[Stored data]

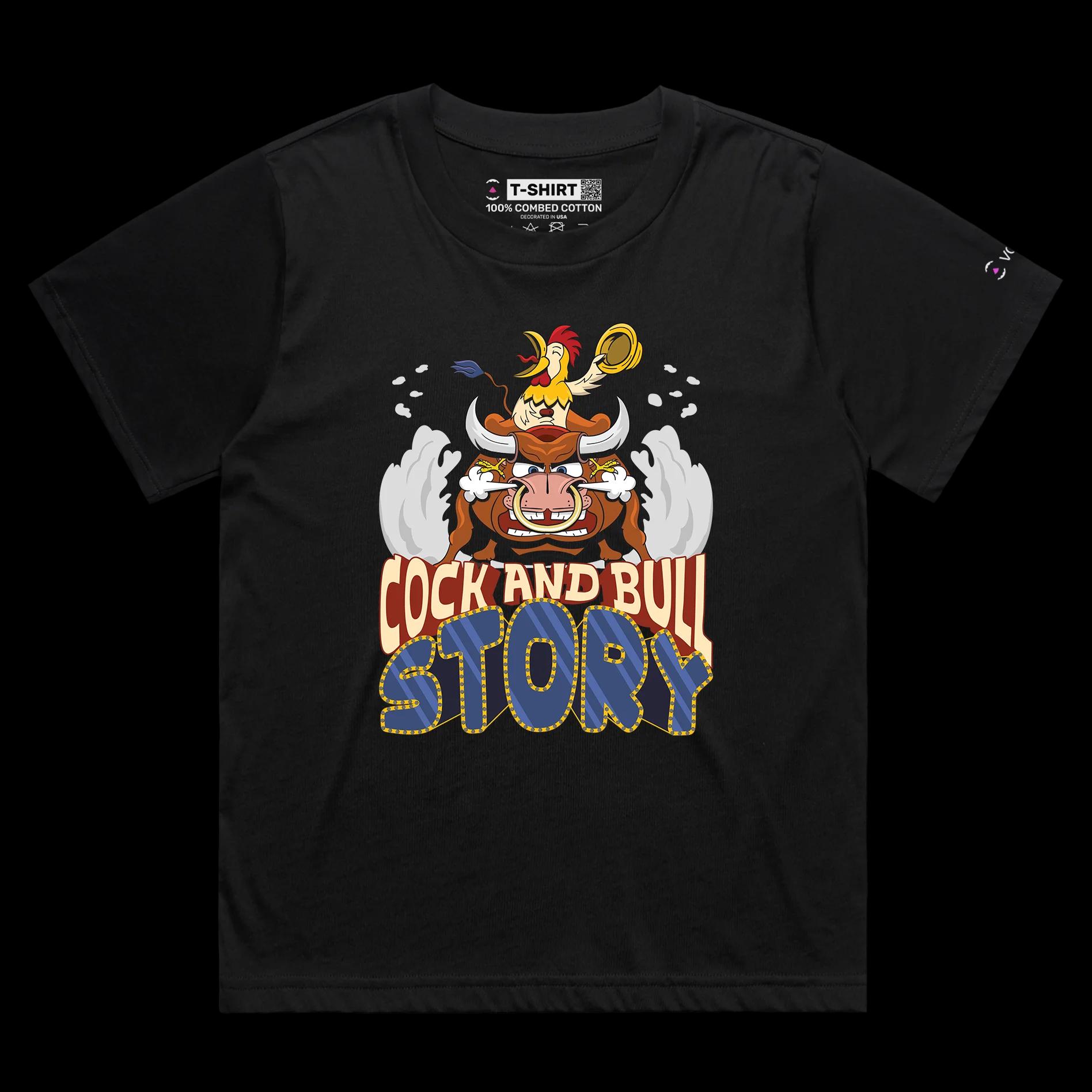 VOICEART Black Female Loose Cock and Bull Funny Animals T-shirt Premium Graphic Design Rooster Riding a Bull Clever Tee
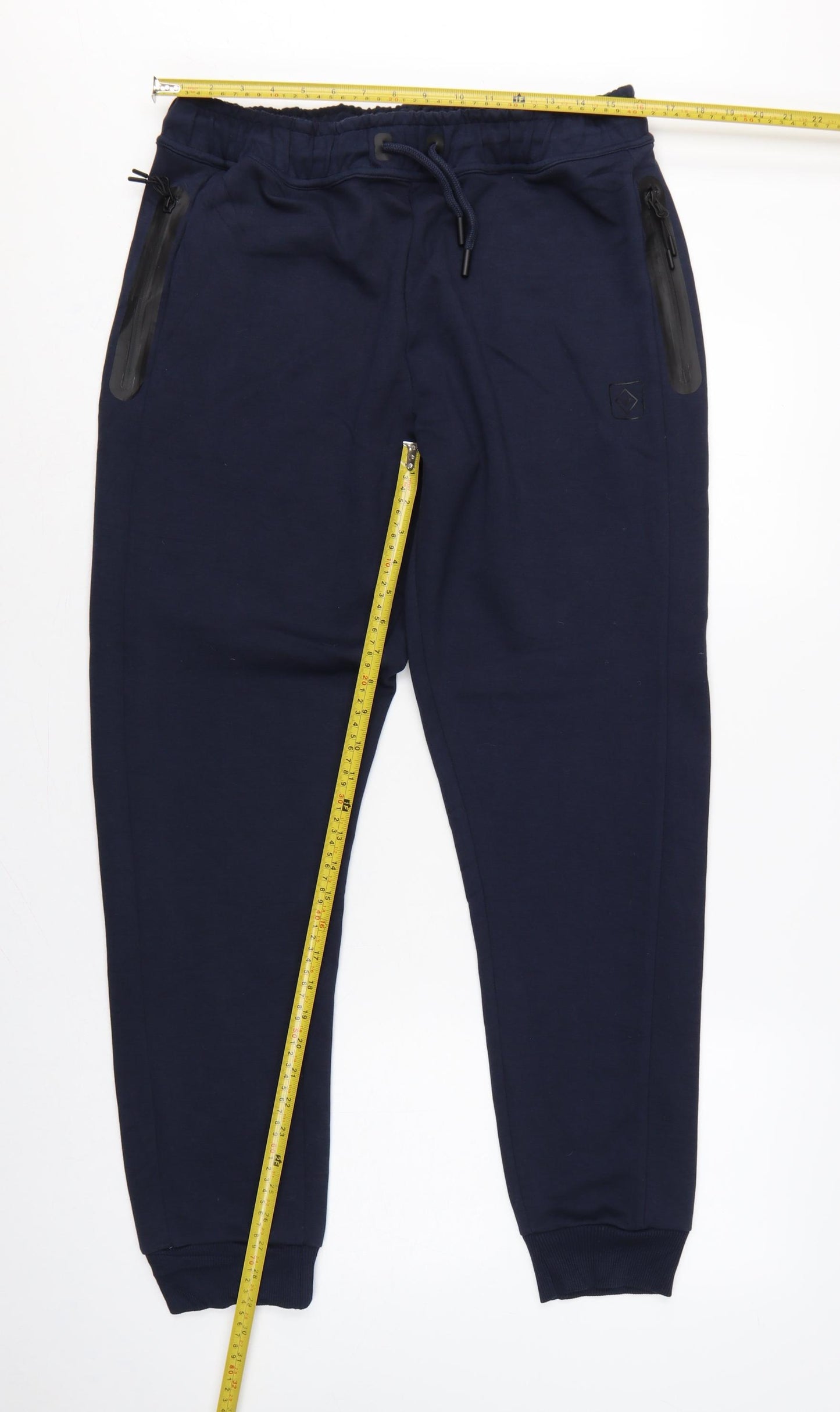 Next Men’s Blue M Long Leg Jogger Trousers Zip Pockets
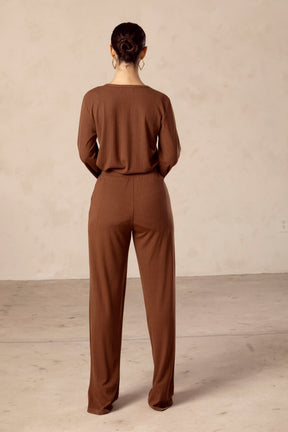 Hannah Ribbed Tunic & Pants Matching Set - Chocolate Brown Veiled Collection 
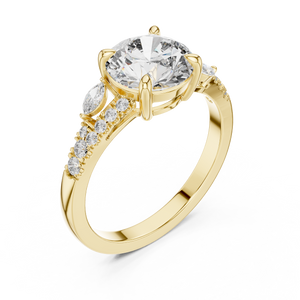 Round Brilliant Lab Diamond Ring Lab Crete Diamond Engagement Ring Vintage Diamond Ring for Women Promise Ring for Her Anniversary Ring Gift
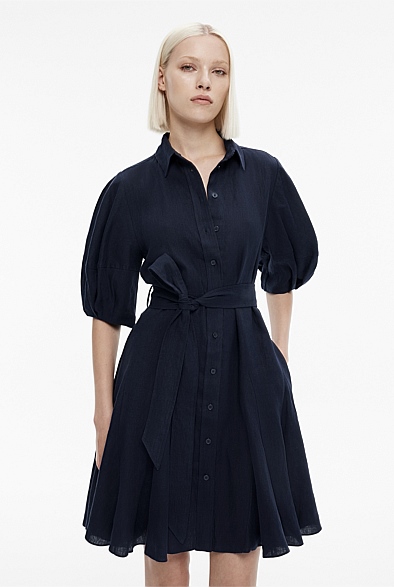 Blue Night French Linen Godet Dress - Women's A Line Dresses | Witchery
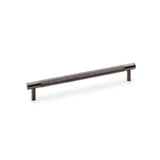 Knurled T-Bar Cupboard Handle by Alexander & Wilks in Dark Bronze PVD, 192mm centres, featuring durable solid brass with textured grip.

What you are asked to do -> The output must match, line for line, the span from the line containing "Blue Night French" through the end of the data, with the pictures removed.

Task result ->
 Blue Night French Linen Godet Dress - Women's A Line Dresses | Witchery
 Knurled T-Bar Cupboard Handle by Alexander & Wilks in Dark Bronze PVD, 192mm centres, featuring durable solid brass with textured grip.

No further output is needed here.